O fato é que isso não ocorreu e a capoeira ganhou o mundo nos últimos anos e esse fenômeno não ocorreu sob a égide do esporte, mas fundamentalmente, como símbolo da cultura brasileira.

A inclusão da capoeira nos Jogos Escolares Brasileiros (JEB’s) a partir de 1985 foi também um dos grandes motivos que contribuiu para o fomento da esportivização da capoeira. A capoeira então se projeta ao fazer parte da mais representativa festa dos esportes estudantis no Brasil.

As tentativas de se organizar e normatizar a capoeira vêm contribuindo para a sua evidência no cenário esportivo brasileiro. Entretanto, muitas dessas tentativas esbarram, na maioria das vezes, em diversos impasses e conflitos de lideranças ávidas em verem seus projetos pessoais serem contemplados pelas políticas públicas de fomento ao esporte.

O que se questiona em relação a essas tentativas de padronização da capoeira dentro dos contornos do esporte de rendimento, é se elas não estariam negando a pluraridade dessa manifestação cultural, bem como os seus valores sócio-históricos e culturais arquivados em seus rituais cantos e gestos. Com uma boa dose de irreverência e fértil imaginação, os capoeiristas que discordam dessas estratégias vem chamando essa capoeira padronizada de “capoeira shopping center”.

Considerações Finais

Á luz do que foi apresentado, procuraremos apontar alguns dilemas que permeiam as políticas públicas para o setor.

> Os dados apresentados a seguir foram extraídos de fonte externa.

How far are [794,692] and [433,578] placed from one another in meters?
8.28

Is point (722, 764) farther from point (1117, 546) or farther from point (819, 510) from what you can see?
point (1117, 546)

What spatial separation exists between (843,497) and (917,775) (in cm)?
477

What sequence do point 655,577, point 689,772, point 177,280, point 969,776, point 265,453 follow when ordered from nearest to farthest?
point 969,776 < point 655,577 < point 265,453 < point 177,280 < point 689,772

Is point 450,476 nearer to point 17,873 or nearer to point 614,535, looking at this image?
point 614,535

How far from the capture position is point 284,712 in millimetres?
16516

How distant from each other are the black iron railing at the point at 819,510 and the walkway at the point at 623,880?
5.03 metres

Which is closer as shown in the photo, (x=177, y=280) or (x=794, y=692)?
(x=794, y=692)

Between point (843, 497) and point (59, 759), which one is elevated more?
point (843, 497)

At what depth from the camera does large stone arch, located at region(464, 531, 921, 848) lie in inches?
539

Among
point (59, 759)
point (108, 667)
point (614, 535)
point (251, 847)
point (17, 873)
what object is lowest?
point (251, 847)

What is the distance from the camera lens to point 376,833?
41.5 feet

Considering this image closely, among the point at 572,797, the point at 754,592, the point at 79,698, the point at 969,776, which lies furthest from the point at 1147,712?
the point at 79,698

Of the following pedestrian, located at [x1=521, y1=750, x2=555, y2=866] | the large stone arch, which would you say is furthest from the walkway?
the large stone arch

O fato é que a capoeira ainda carece de uma consistente política pública que dinamize o seu potencial formador tanto no campo esportivo como no campo cultural. As iniciativas levadas a cabo pelo poder público ainda são rarefeitas e pontuais como, por exemplo, o programa “Ponto de Cultura” , encampado pela Secretaria de Programas e Projetos Culturais do Ministério da Cultura (SPPC/MinC), lançado em março de 2005, com aporte de R$ 1 milhão e 850 mil, para a implementação de dez “pontos de cultura” para a capoeira na cidade de Salvador.

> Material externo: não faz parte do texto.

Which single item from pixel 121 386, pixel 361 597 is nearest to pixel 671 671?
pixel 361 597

No discurso proferido para representantes das Nações Unidas, em Genebra, no dia 19 de Agosto de 2004, o Ministro da Cultura do Brasil proclamou que “não foi fácil para a capoeira colocar o pé no mundo” e transformar-se numa arte planetária. “Muitas foram as adversidades enfrentadas ao longo da história: preconceitos sociais e raciais, perseguições policiais e rejeição das elites”. Na ocasião, anunciou que o governo brasileiro estava disposto a fazer uma reparação histórica em relação a esta manifestação dos africanos escravizados no Brasil e, naquela tribuna européia, diante de diplomatas do mundo inteiro, promoveu o lançamento das bases de um futuro Programa Brasileiro para a Capoeira.

Torna-se necessário, nesse momento, retomar o sentido político original da capoeira, ou seja, os motivos subjacentes e as circunstâncias em que ela foi criada. Produção cultural dos negros à época da escravidão, serviu como estratégia corporal de libertação e pautou-se pela contestação às regras de dominação social.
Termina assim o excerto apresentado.